Thursday, February 23, 2012

Third Party Candidate? We Need Independent Voices

  • A Third Voice for 2012 (By THOMAS L. FRIEDMAN, NY Times) I know what I’d pay good money to see: an intelligent independent candidate just taking part in the presidential debates, because it would make both Obama and his Republican opponent better. One independent I’d like to see play that role is David Walker.
  • We Need More Independent-Minded Voters (David M. Walker, Former Comptroller General of the United States; Author, 'Comeback America'; Huffington Post) I was honored and humbled that syndicated columnist Tom Friedman this week suggested I consider running for president, putting me forward as a third choice to voters. But our need is bigger than for me -- or any other third-party candidate. And his column taps into a need that goes far beyond my work on fiscal responsibility and government transformation. Every day, I talk with people around the nation who take their vote seriously enough to not align themselves with one particular party. They are the new independent-minded voter. And we need more of them.
  • The Radical Center We Don't Need (Robert Kuttner, Co-founder and co-editor, 'The American Prospect'; Huffington Post) We already have a centrist party. It's called the Democrats. Obama's Democrats are to the right of Richard Nixon on most domestic economic issues. If Democrats had not joined Republicans in financial deregulation, we never would have had the economic collapse of 2008.
  • The Third-Party Myth (By Josh Kraushaar, National Journal/ 2012 Decoded) But in reality, third-parties only thrive when there's a political vacuum to be filled. Despite being a nominal independent, Bloomberg's views aren't much different than your average Democrat. Walker's stand on entitlement reform is embraced by many of the leading Republican pols, led by House Budget Chairman Paul Ryan.

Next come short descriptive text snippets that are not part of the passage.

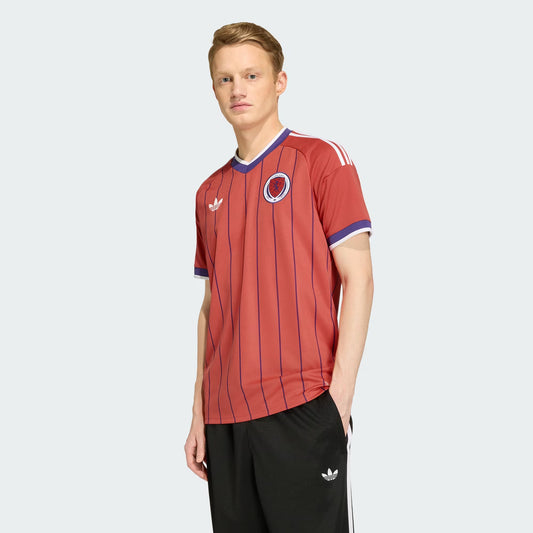 CAMISA ESCÓCIA RESERVA COPA DO MUNDO 2026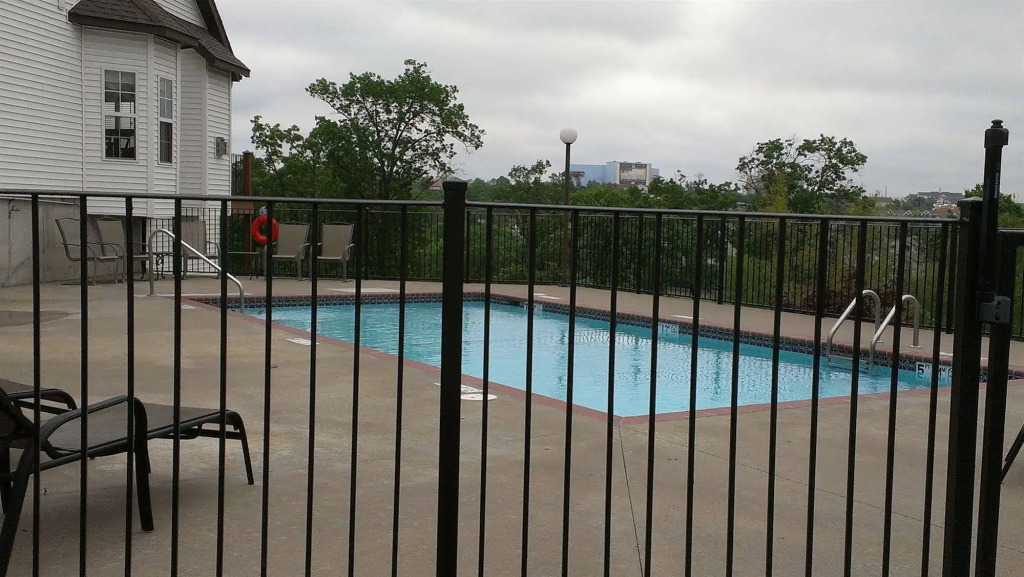 The Residence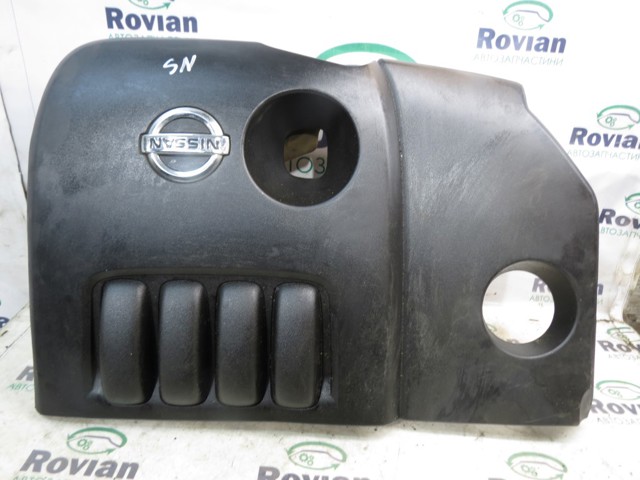 Экран двигателя 14041JD53A NISSAN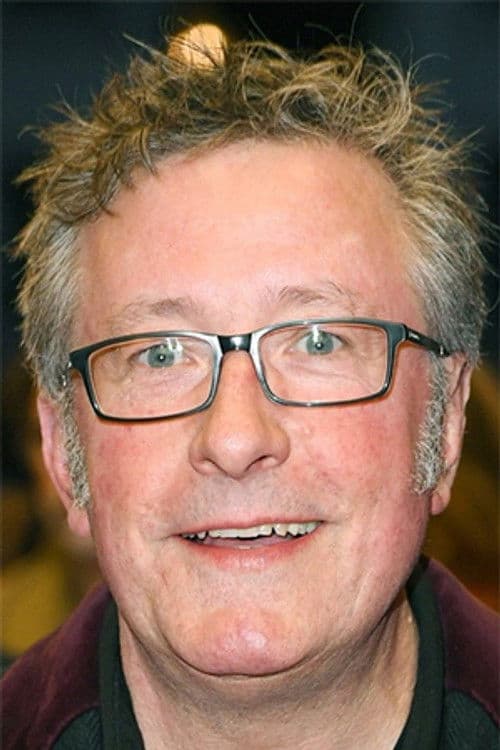 Rowland Rivron profile photo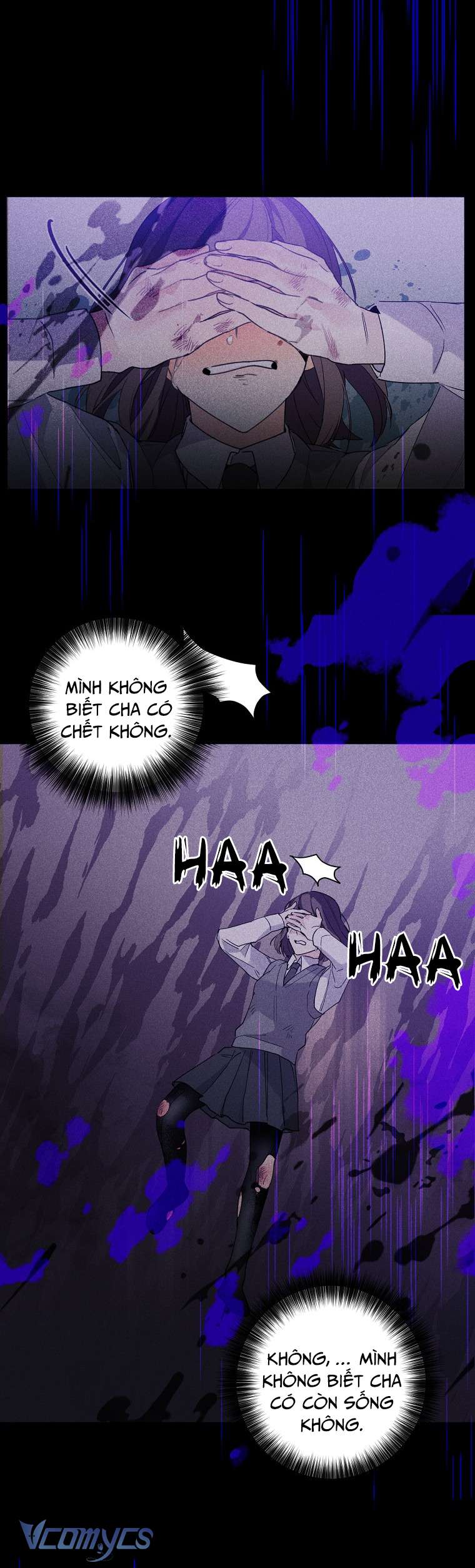 Quý Tộc Gì Chứ, Tôi Chỉ Muốn Về Nhà Chap 2 - Trang 2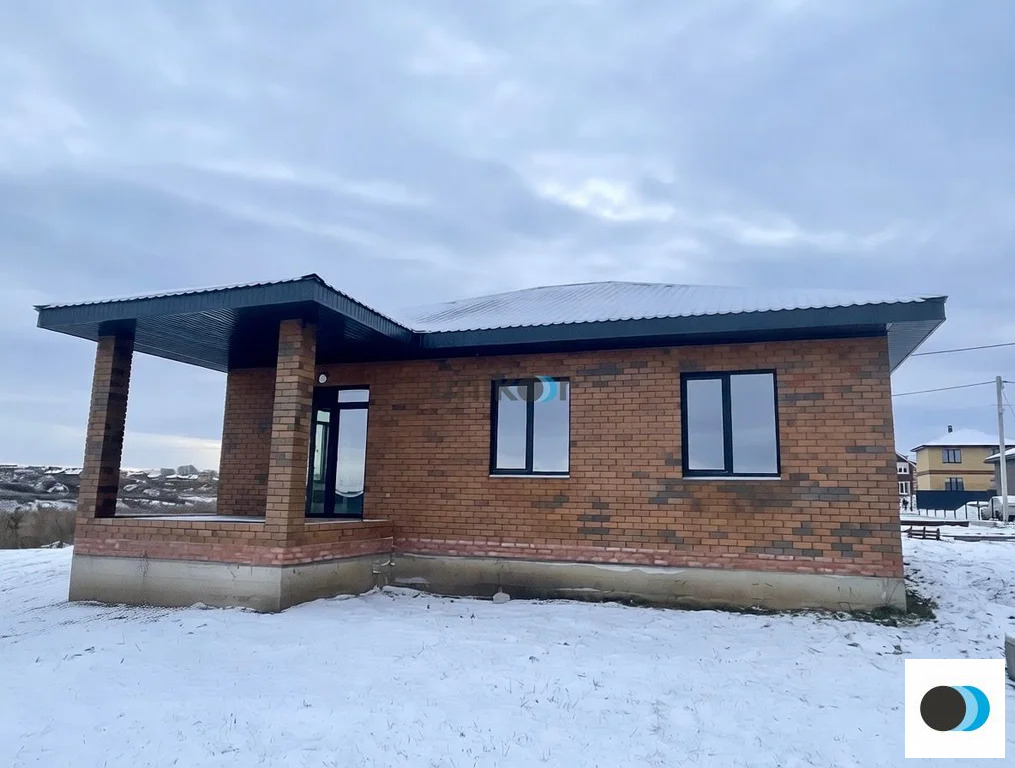 Продажа дома, Нагаево, Туманный переулок - Фото 3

  • What makes a strong third-party candidate? (By Jonathan Bernstein, Washington Post/ PostPartisan) Near as I can tell, every third-party presidential candidate who took 5 percent or more of the vote was reasonably well known before the campaign (Anderson became well known in losing the nomination). That’s not to say that Walker or Goode couldn’t possibly “succeed” in some way, but neither of them really fits the profile of past successful third-party candidates. The truth is that the way it really works most of the time is someone with a big ego and the resources to make it happen decides to run and probably then fills in whichever issues seem to resonate. Starting with the issues is pretty much getting the whole thing backward. If you want to push some set of issues, try to get a major party candidate to adopt them. It’s a lot easier.